2006 Philadelphia Annual Meeting (22–25 October 2006)

Paper No. 6
Presentation Time: 2:45 PM

A NEW PARALLEL MULTI-COMPONENT, FINITE ELEMENT MODEL FOR SIMULATING CRUSTAL-SCALE GROUNDWATER FLOW, HEAT, ISOTOPE, AND NOBLE GAS, AND SILICA TRANSPORT


PERSON, Mark, Geoloigcal Sciences, Indiana University, 1001 E. 10th St, Bloomington, IN 47405, ZHANG, Ye, Geological Sciences, Indiana Univ, 1001 East 10th St, Bloomington, IN 47405-1405, WANG, Peng, University Information Technology Services, Indiana University, Bloomington, IN 47405, GAO, Yongli, Department of Physics, Astronomy, and Geology, East Tennessee State University, Johnson City, TN 37614 and HOFSTRA, Albert, CR Minerals Team, US Geol Survey, Denver Federal Center, Lakewood, 80225, maperson@indiana.edu

Increasingly, Pentium-based, multi-processor servers are becoming wide-spread and inexpensive.
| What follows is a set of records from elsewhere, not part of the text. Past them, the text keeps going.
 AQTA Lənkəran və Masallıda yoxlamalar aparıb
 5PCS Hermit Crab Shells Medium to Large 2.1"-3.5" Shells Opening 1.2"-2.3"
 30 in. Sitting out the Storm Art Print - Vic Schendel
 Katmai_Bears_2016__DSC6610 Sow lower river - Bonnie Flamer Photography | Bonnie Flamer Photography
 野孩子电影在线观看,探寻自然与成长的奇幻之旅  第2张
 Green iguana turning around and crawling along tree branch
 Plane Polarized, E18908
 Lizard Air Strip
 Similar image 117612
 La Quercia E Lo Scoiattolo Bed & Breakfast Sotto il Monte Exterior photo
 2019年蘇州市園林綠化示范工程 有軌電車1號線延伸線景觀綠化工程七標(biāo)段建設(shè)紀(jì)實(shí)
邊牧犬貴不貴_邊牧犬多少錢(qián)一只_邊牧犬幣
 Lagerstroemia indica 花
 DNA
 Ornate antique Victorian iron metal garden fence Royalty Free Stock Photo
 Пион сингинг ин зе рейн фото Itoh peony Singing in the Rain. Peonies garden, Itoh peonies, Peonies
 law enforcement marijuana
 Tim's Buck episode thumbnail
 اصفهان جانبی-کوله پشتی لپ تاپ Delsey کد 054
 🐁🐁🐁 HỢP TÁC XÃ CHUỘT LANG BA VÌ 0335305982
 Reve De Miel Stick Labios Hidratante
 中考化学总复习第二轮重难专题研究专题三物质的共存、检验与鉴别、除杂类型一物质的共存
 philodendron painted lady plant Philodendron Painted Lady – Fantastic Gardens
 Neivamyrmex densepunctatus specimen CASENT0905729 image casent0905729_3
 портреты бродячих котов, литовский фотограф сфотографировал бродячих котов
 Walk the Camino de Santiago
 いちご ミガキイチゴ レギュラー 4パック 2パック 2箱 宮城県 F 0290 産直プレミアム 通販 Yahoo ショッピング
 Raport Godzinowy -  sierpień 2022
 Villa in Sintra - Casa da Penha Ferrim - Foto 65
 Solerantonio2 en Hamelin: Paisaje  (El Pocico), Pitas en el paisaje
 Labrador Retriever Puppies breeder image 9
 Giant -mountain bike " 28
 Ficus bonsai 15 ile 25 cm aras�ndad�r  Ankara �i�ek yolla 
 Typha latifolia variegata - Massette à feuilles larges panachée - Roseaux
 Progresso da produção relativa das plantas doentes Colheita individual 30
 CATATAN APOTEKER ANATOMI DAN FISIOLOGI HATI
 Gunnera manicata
Concurrently, hydrologists are increasingly relying on multi-component transport codes which utilize groundwater residence times, environmental isotopes, solute concentrations, heat transfer, and noble gas composition as a means of testing conceptual models of groundwater flow. With support from the US Geological Survey, we have developed a new parallel, cross-sectional hydrothermal model capable of utilizing the resources of multi-processor servers. Traditionally, high performance computing involves splitting up the A matrix of a large three-dimensional problem. Instead one processor is allocated to each transport equation in our approach. The dependent variable is found by inverting the A matrix using a conventional reduced bandwidth Gaussian elimination solver. We first solve the groundwater flow equation at the beginning of each time step. Then the resulting velocity field is used to solve each transport equation in parallel. At the end of each time step, the values of the dependent variable of each transport equation are broadcast to each processor. Benchmark simulations we have conducted on different 4- and 8-processor servers indicate an almost perfect linear scaling between simulation run time and the number of processors. This approach only required using a handful of calls to the MPI library and about 20 lines of additional code all in the main program. The main task involved broadcasting and receiving the values of the dependent variables stored on each processor (e.g. hydraulic heads, temperatures, dissolved silica, noble gas, and oxygen-18 isotopic composition) at the end of each time step. This approach could be easily implemented in reactive transport codes that track dozens of solute species.